He’s No Singer, but He’s Onstage at the Metropolitan Opera
Good morning. We’ll meet someone who’s appearing onstage in an unusual place — for a pianist, anyway. We’ll also find out how skateboarding figured in Mayor Eric Adams’s State of the City address.
Credit…Sara Krulwich/The New York Times
Bryan Wagorn will appear onstage at the Metropolitan Opera on Saturday.
If he were a singer, this might not be worth noting, but he is not. “No one would pay to hear me sing, let’s put it that way,” he told me.
He is a pianist who has been on the Met staff since 2011, accompanying singers in rehearsals and recitals. Then the Met assigned him to an unusually visible role in “Fedora,” the Umberto Giordano confection that opened on New Year’s Eve.
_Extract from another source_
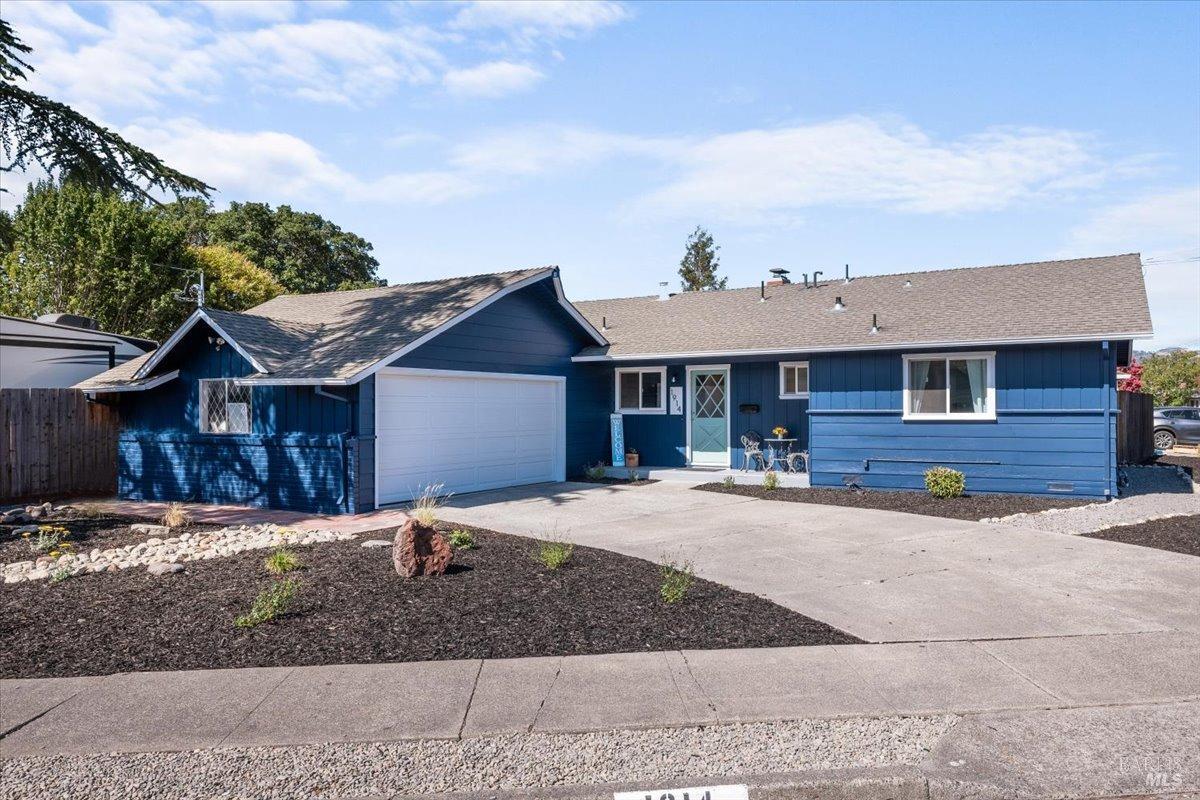 1914 Fallen Leaf Dr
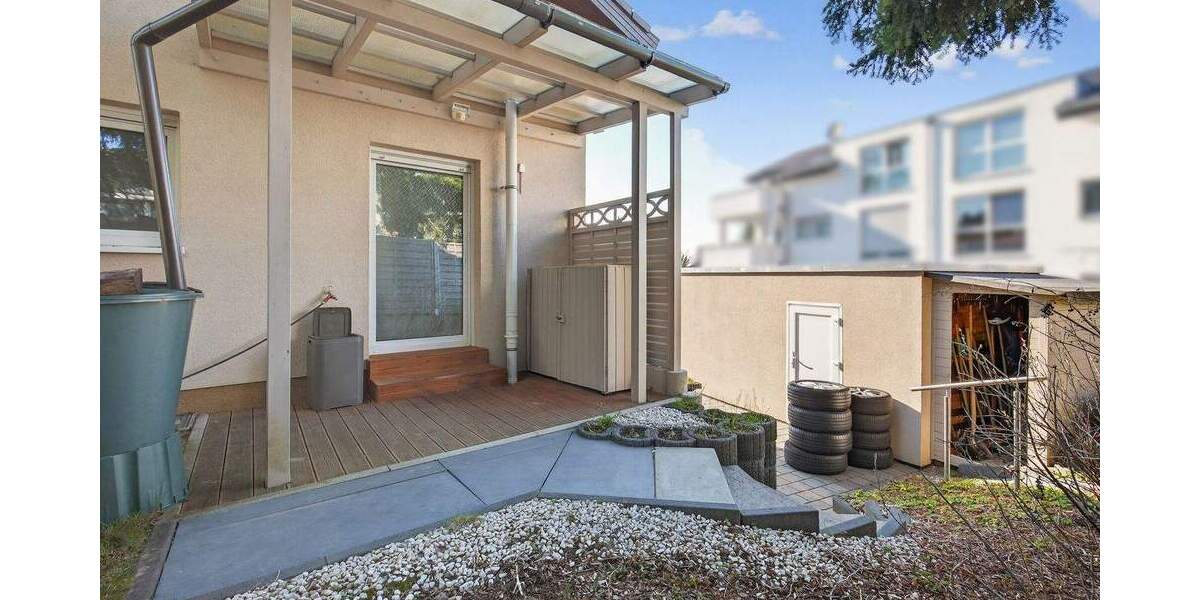 Mehrfamilienhaus, Wohnhaus Pforzheim Südoststadt - 8 Zimmer, 221 m&sup2;, 899.000&euro; | Angebot:25909413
Our critic Zachary Woolfe called it a “lovably preposterous potboiler.”
The Met cast Wagorn as the character Lazinski because Lazinski plays the piano at a party in Act II. The libretto uses the word “Lisztian” to describe him, though not in a way that refers to Liszt’s talent as a pianist but as a “hopeless fop with Lisztian blond hair.”
The Met gave Wagorn, who has short brown hair, a long blond wig. And the opera company found a piano for Wagorn to play that also matched the look of the production, a Steinway with a rosewood case and elaborately styled legs that the Met said was made in the early 1880s.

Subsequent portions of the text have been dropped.